One of the major worries on a trip like this laundry. We have a full load of sweaty uniforms, socks, and unmentionables (which I just mentioned). Add to that, the regular streets clothes and one can see how much laundry is created daily. When we first check in, all the guys go to their rooms and get the laundry out into the hallway ASAP. Because we are only here one night, and didn’t get in until noon, the staff has to turn it over quickly. When we get it back several hours later, it is still wet. Not five more minutes in the dryer wet. I mean, we may need to call the repairman wet. It’s a lesson on materials. The lighter compression type stuff is dry. The medium weight jerseys and shorts are damp. Anything with cotton needs to be hung until the morning. My bathroom looks like a closet as I race against the clock and hope it all dries before I have to stuff it into the suitcase tomorrow.

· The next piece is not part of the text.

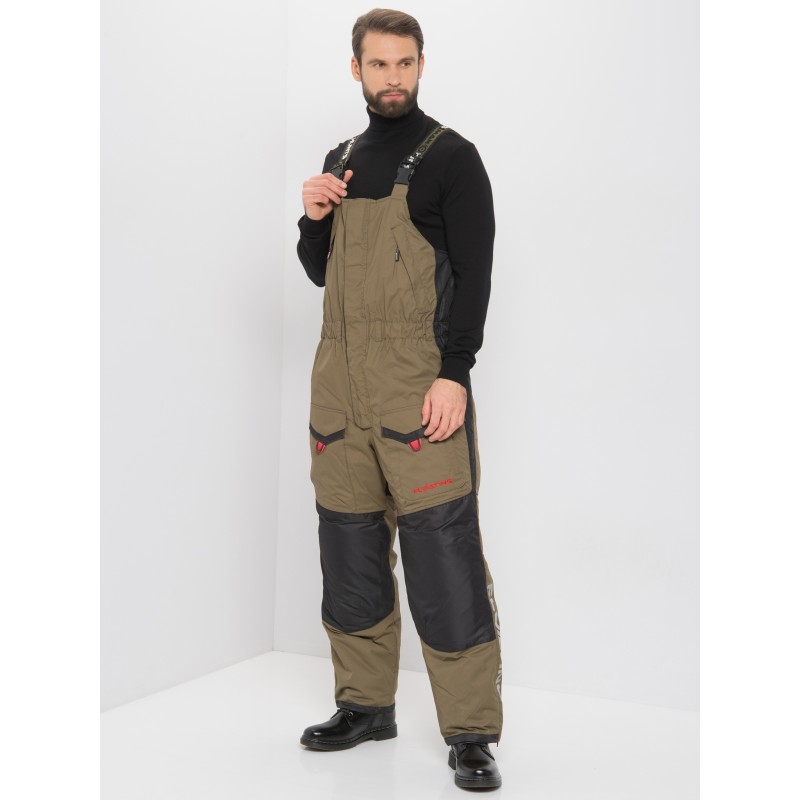 Костюм-поплавок мужской Huntsman (Восток) Siberia Floating -45, ткань Breathable, хаки/черный, размер 44-46, 170-176 см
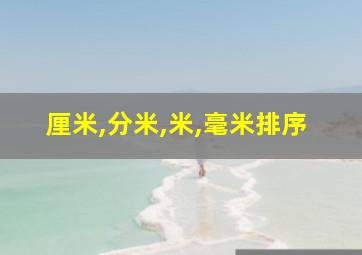 厘米,分米,米,毫米排序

The free afternoon I had is redirected to separating and folding the aforementioned laundry. If you want the good view you have to pay the price. I am able to get a quick nap, then shower and shave and down to pregame meal. The routine of the days is starting to set in and some guys are buying food while they are out and skipping pregame meals in order to nap longer. Finally, it’s time to board the bus and to the arena.
The dark hardwood of the floor shows how long the building has been in service. It’s a bandbox that seats maybe 2,000. I anticipate that it will be really hot and the smoke will be really bad. I was half right. It was hot. The floor is narrow so corner threes are out, but running the defense to a trap there is in. There has been much ado in regard to playing time. I split the roster differently for the start of the game. I know the deficiencies of both clusters and figure we will struggle in the first half, be down a few maybe 10. I do this because the best way to find out who your leaders are is to start a mutiny. The players start off sluggish, the Chinese team is shooting the ball well and running a basic three man weave and our guys are staying screened. We give up way too many 3’s and by the half we are down 25. Full Blown Mutiny. Even Robert and the promoter are having a heart attack. I dawdle to the locker room to allow for the players to scream and holler at each other until they decide it is all my fault. The one thing they vehemently agree on is I have no clue and if they are going to win this game they are going to have to band together and get it done. By making myself the center of attention, I have directed their focus to a more team oriented approach. It works perfectly.
The second half we outscore them 58-33. We take the lead with 5 seconds to go and make a final defensive stand to win. I went with a more standard lineup. Shortened the bench to about 8 guys and left the Chinese team, 2,000 fans, Robert and the promoter wondering how the hell we just did that. That’s why I get the good view.